The dollar gold price rose this week from Monday's low of $1215 to close last night (Thursday) at $1240, and silver rose from $14.90 to $15.20.
Silver's performance compared with gold reflects lower than normal silver volatility, a trend that has featured from the start of this year, which can be discerned in the underperformance shown in the headline chart above.
In early European trade this morning gold and silver opened moderately lower, reflecting a slightly firmer dollar.
There is much happening on the subject of money, and to an extent, even gold is a bystander in a developing monetary train wreck. In recent weeks we have seen sterling come under pressure on fears of Brexit, plus some appalling trade figures. If Brexit happens, it will be the end of the grand European project, and the euro could disintegrate, but markets are not yet reflecting this possibility.
The dollar has been losing ground against both the euro and the yen. In the last eight trading sessions, the yen has gained 5% against the dollar, breaking the important 110-yen level (a strong yen means a falling JPY rate). Both the yen and the euro feature negative interest rates, so these moves are counter-intuitive. Could it be that negative interest rates are leading to a contraction of bank credit, forcing currency shortages on the markets for these two currencies?
The bank credit numbers will be reported in due course, but even then they will not tell the whole story. Demand for currencies with negative interest rates is certain to emanate from the shadow banking system, due to the lack of available collateral. With the BoJ and the ECB buying everything in sight, it is the shadow banks that are being squeezed.
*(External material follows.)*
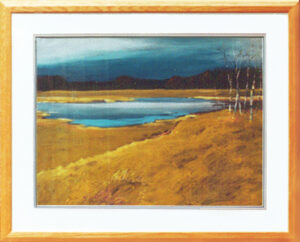 FALL LANDSCAPE by James Dimmers is a painting in a quality frame with a natural oak moulding. The image size is 22” X 30”. Painted in 1982-83.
The simplest way to understand this arcane subject is as follows. The principal function of shadow banking is to finance the deferral of settlement on a full range of financial instruments and securities. If you remove the means to do this by contracting the quantity of collateral available, then you are going to force earlier settlements of financed positions than would otherwise occur. This means that liquidation cash is demanded by the shadow banks and their customers to replace the credit which is no longer available. And cash, where the credit has been very cheap to the point where it even pays you to borrow, is demanded in the currencies with the lowest interest rates, because that is where the collateral is being drained from the system.
Both the BoJ and the ECB are hoovering up nearly all available collateral. The suggestion that gold is side-lined while this bizarre situation unfolds is apt. We are in uncharted territory, and few people understand the potential consequences, so how can you evaluate the purchase of anything?
Back to common sense. The price of gold has risen less in yen and euros than in dollars or sterling. Once the shadow banks have found a new balance by contracting their credit sufficiently, doubtless the euro and the yen will begin to reflect some fundamentals. And gold is cheap in these currencies, as demonstrated in the next chart.
So far, from the beginning of this year gold in dollars is up 17% and in sterling 23%. But in euros it is up only 12% and in yen a meagre 5%. And if buyers in these currencies need further encouragement, the technical background, admittedly measured in dollars, shows the consolidation of recent weeks could be nearly over, because the rising 55-day moving average should begin to underwrite the gold price.